The United States District Court for the Western District of Michigan (in case citations, W.D. Mich.) is the federal district court with jurisdiction over of the western portion of the state of Michigan, including the entire Upper Peninsula and the Lower Peninsula from Lansing westward.

Appeals from the Western District of Michigan are taken to the United States Court of Appeals for the Sixth Circuit (except for patent claims and claims against the U.S. government under the Tucker Act, which are appealed to the Federal Circuit).

, the United States Attorney for the Western District of Michigan is Mark Totten.

History 

The United States District Court for the District of Michigan was established on July 1, 1836, by 5 Stat. 61, with a single judgeship. The district court was not assigned to a judicial circuit, but was granted the same jurisdiction as United States circuit courts, except in appeals and writs of error, which were the jurisdiction of the Supreme Court. Due to the Toledo War, a boundary dispute with Ohio, Michigan did not become a state of the union until January 26, 1837. On March 3, 1837, Congress passed an act that repealed the circuit court jurisdiction of the U.S. District Court for the District of Michigan, assigned the District of Michigan to the Seventh Circuit, and established a U.S. circuit court for the district, 5 Stat. 176.

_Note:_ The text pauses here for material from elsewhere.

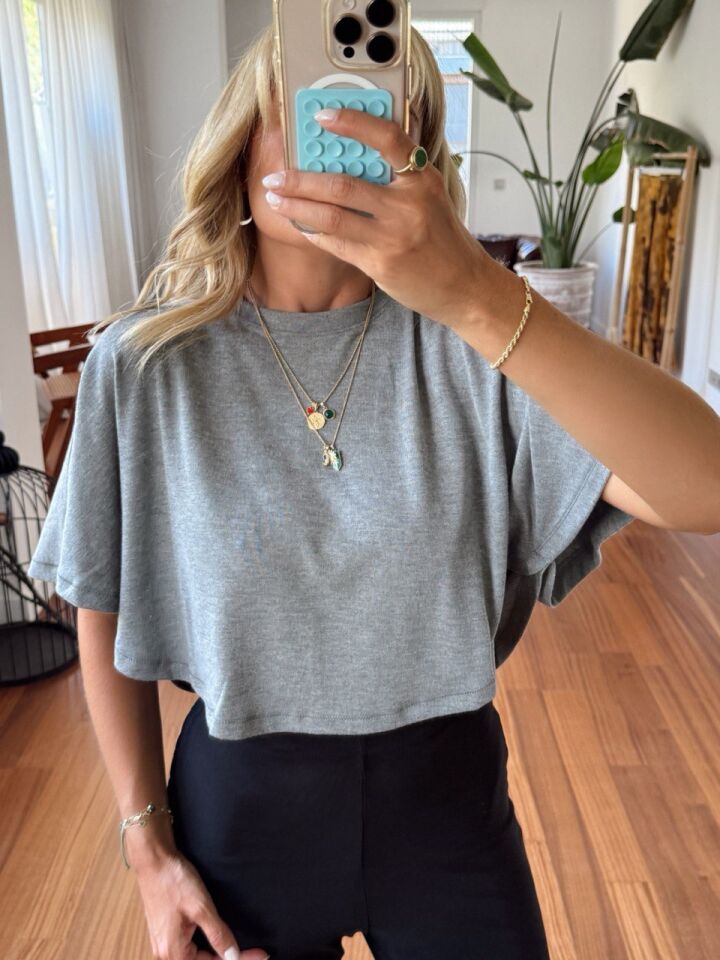 GRİ PANÇO BASIC TSHIRT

On July 15, 1862, Congress reorganized the circuits and assigned Michigan to the Eighth Circuit by 12 Stat. 576, and on January 28, 1863, the Congress again reorganized Seventh and Eight Circuits and assigned Michigan to the Seventh Circuit, by 12 Stat. 637. On February 24, 1863, Congress divided the District of Michigan into the Eastern and the Western districts, with one judgeship authorized for each district, by 12 Stat. 660. The Western District was later further divided into a Southern Division and a Northern Division.

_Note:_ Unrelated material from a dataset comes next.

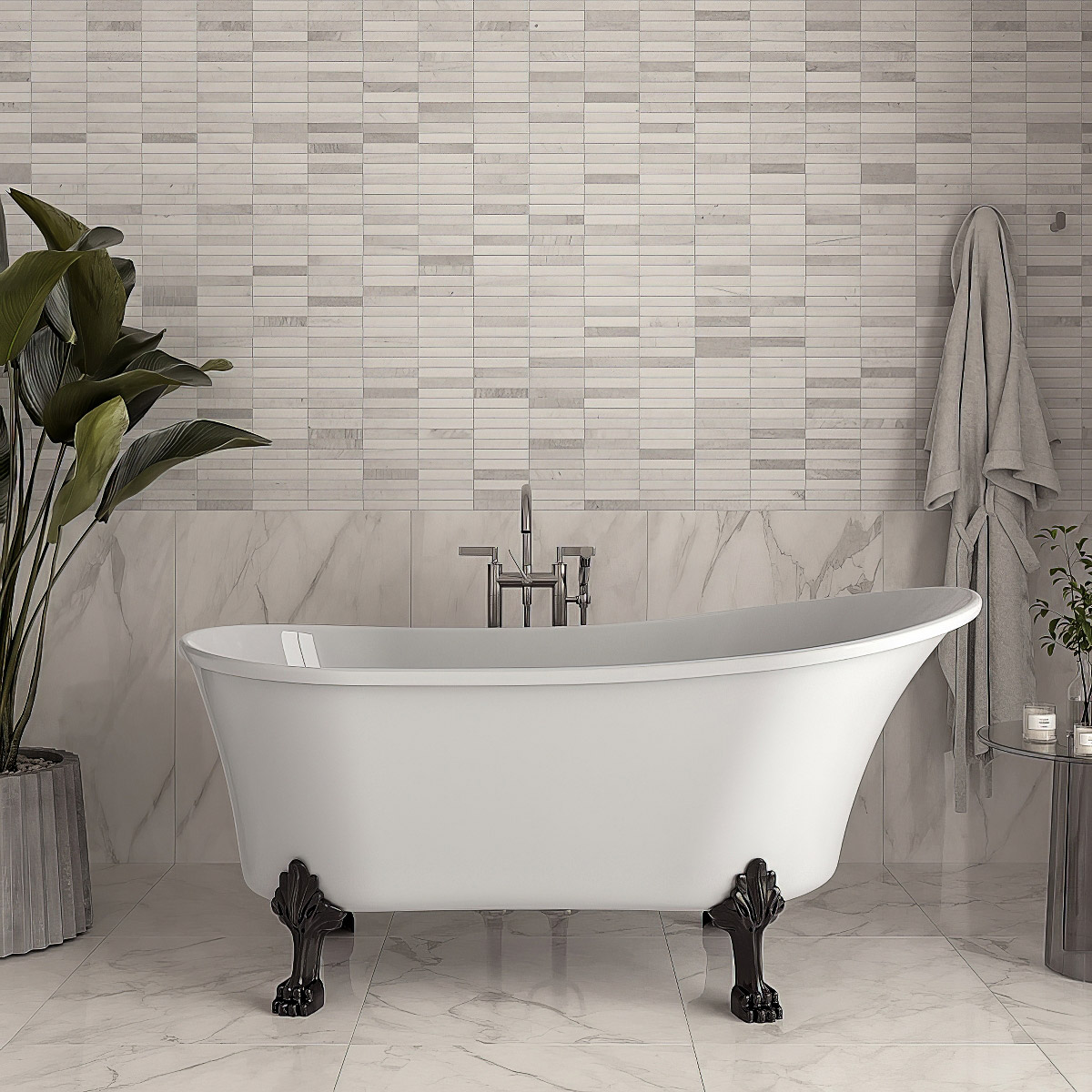 Streamline Clawfoot Bathtub with Bamboo Bathtub Caddy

In the Northern Division, Court was held at the Old Federal Building in Sault Ste. Marie from 1912 until 1941. While the law allows court to be held in Sault Ste. Marie, it no longer is.

Jurisdiction 
The District Court is based in Grand Rapids, courthouses also located in Kalamazoo, Lansing, and Marquette in the Upper Peninsula. The United States Court of Appeals for the Sixth Circuit has appellate jurisdiction over the court.

Divisions 
The Western District comprises two divisions.

Northern Division 
The Northern Division comprises the counties of Alger, Baraga, Chippewa, Delta, Dickinson, Gogebic, Houghton, Iron, Keweenaw, Luce, Mackinac, Marquette, Menominee, Ontonagon, and Schoolcraft.

Court for the Northern Division can be held in Marquette and Sault Sainte Marie.

Southern Division 
The Southern Division comprises the counties of Allegan, Antrim, Barry, Benzie, Berrien, Branch, Calhoun, Cass, Charlevoix, Clinton, Eaton, Emmet, Grand Traverse, Hillsdale, Ingham, Ionia, Kalamazoo, Kalkaska, Kent, Lake, Leelanau, Manistee, Mason, Mecosta, Missaukee, Montcalm, Muskegon, Newaygo, Oceana, Osceola, Ottawa, Saint Joseph, Van Buren, and Wexford.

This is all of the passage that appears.